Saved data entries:
——

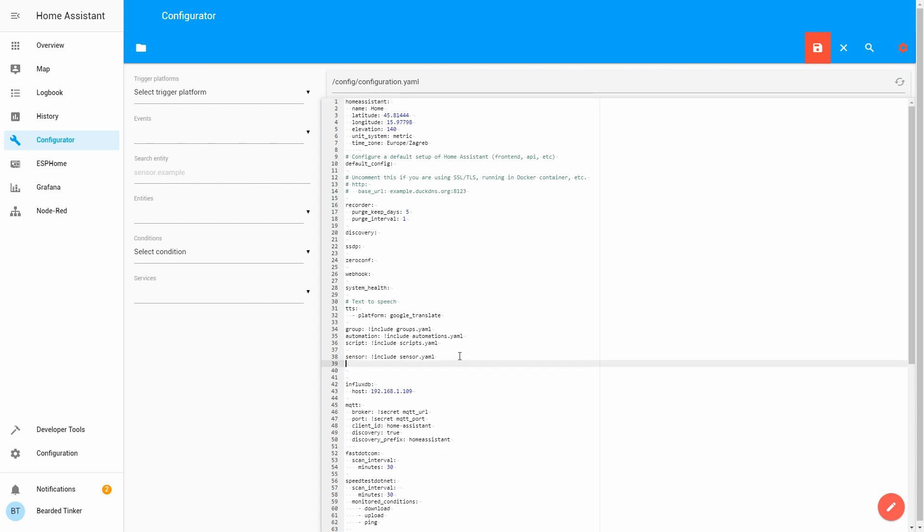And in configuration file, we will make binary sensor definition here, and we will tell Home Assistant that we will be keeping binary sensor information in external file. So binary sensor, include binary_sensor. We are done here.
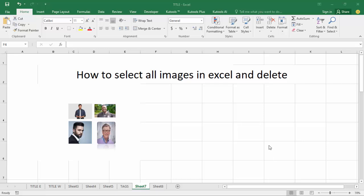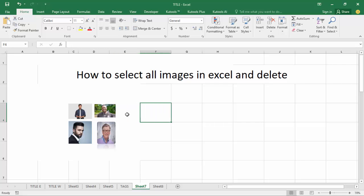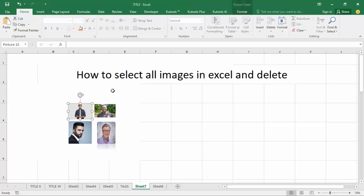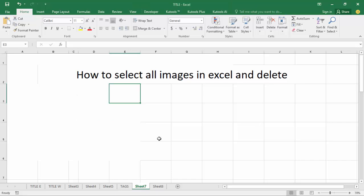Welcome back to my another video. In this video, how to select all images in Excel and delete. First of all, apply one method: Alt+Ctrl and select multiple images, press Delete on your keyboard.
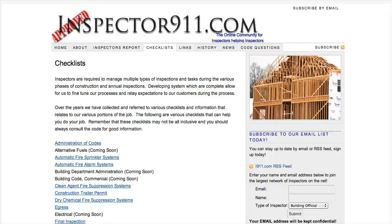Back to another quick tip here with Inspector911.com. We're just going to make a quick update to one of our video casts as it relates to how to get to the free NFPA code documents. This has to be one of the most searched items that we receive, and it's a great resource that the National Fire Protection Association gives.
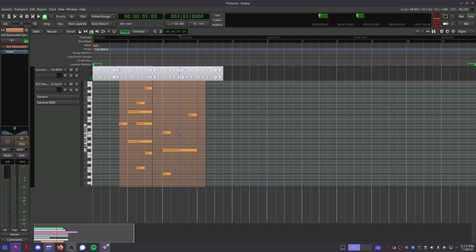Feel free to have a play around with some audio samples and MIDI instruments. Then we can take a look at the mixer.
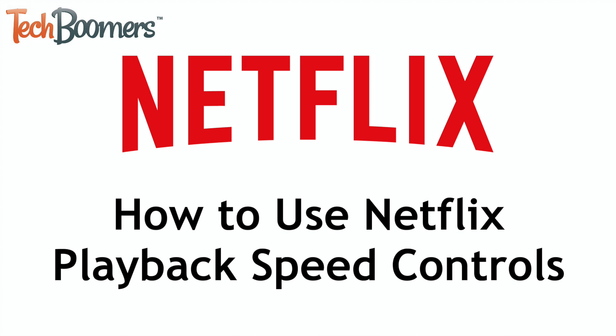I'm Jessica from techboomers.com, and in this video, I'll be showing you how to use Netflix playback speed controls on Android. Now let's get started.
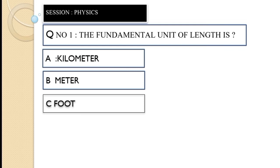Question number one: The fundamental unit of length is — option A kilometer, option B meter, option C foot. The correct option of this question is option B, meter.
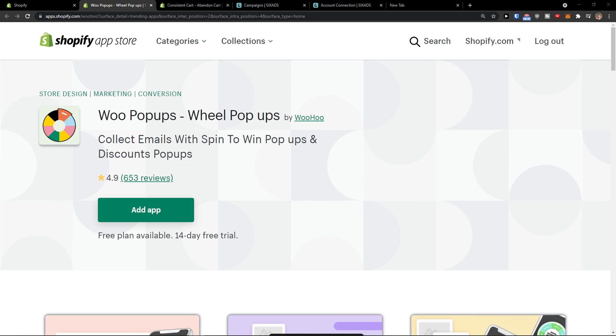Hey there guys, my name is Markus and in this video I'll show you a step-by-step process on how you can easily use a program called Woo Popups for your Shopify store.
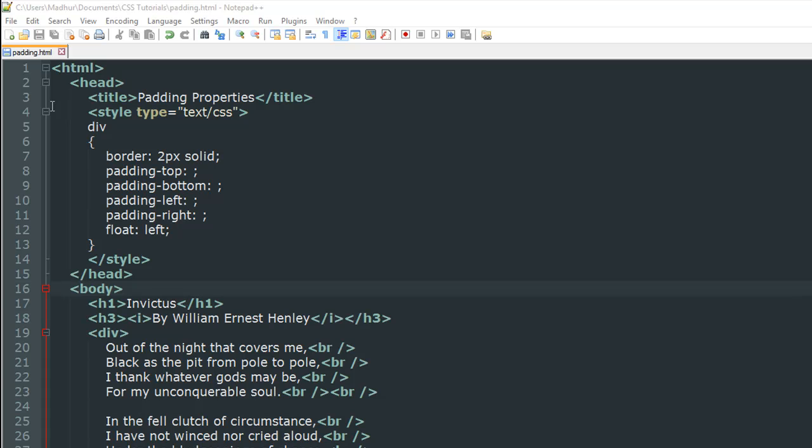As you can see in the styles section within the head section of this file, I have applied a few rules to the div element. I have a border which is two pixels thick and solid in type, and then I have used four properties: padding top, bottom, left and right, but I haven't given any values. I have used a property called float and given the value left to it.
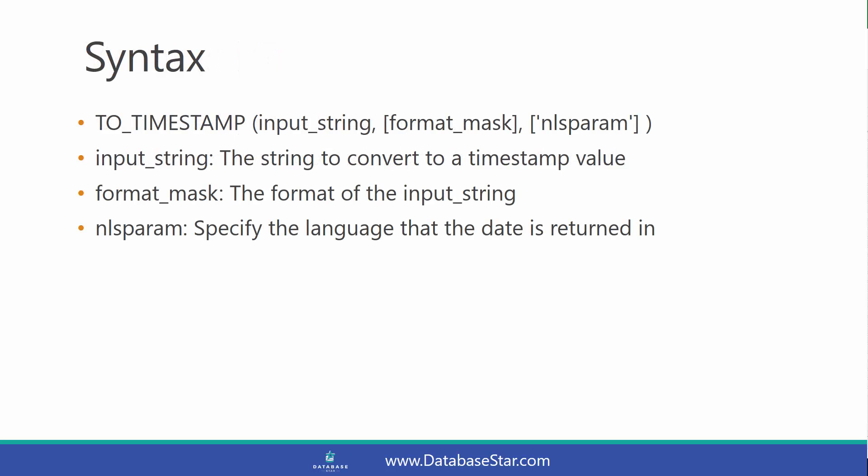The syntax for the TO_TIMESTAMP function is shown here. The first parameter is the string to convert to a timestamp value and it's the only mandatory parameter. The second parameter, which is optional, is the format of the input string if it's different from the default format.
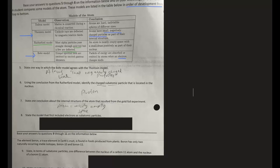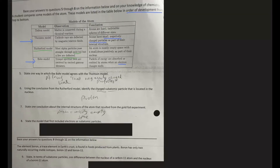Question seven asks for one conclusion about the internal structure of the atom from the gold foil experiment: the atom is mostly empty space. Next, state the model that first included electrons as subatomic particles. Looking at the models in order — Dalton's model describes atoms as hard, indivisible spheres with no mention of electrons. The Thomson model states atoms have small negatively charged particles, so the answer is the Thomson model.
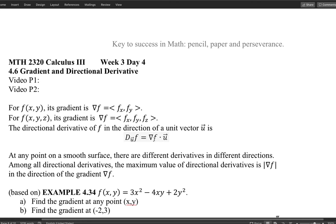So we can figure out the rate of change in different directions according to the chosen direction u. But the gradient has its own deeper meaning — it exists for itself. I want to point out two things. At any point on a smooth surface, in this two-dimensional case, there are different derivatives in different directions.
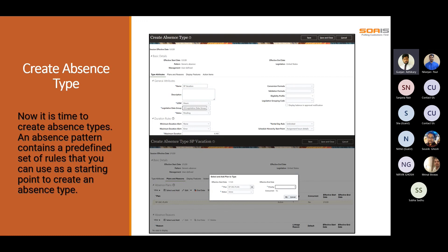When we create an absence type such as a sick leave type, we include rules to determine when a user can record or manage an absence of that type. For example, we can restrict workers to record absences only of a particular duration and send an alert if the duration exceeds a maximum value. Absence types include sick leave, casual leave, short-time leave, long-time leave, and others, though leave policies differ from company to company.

——

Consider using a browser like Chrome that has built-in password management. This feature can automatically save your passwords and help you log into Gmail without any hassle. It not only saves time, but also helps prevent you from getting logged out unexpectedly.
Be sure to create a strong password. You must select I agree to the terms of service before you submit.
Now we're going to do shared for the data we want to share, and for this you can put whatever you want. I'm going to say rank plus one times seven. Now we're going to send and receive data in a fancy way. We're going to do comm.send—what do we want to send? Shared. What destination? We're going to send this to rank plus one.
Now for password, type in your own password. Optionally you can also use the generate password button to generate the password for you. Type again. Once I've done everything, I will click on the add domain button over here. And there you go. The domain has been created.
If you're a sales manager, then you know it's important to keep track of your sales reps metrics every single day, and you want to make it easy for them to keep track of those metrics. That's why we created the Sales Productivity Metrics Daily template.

——

Could you repeat, exactly, only the lines above starting at the one that has "As you can see" and stopping after the one that has "When we create", without the pictures?

REPLY:
As you can see in the styles section within the head section of this file, I have applied a few rules to the div element. I have a border which is two pixels thick and solid in type, and then I have used four properties: padding top, bottom, left and right, but I haven't given any values. I have used a property called float and given the value left to it.
The syntax for the TO_TIMESTAMP function is shown here. The first parameter is the string to convert to a timestamp value and it's the only mandatory parameter. The second parameter, which is optional, is the format of the input string if it's different from the default format.
Question seven asks for one conclusion about the internal structure of the atom from the gold foil experiment: the atom is mostly empty space. Next, state the model that first included electrons as subatomic particles. Looking at the models in order — Dalton's model describes atoms as hard, indivisible spheres with no mention of electrons. The Thomson model states atoms have small negatively charged particles, so the answer is the Thomson model.
So we can figure out the rate of change in different directions according to the chosen direction u. But the gradient has its own deeper meaning — it exists for itself. I want to point out two things. At any point on a smooth surface, in this two-dimensional case, there are different derivatives in different directions.
When we create an absence type such as a sick leave type, we include rules to determine when a user can record or manage an absence of that type. For example, we can restrict workers to record absences only of a particular duration and send an alert if the duration exceeds a maximum value. Absence types include sick leave, casual leave, short-time leave, long-time leave, and others, though leave policies differ from company to company.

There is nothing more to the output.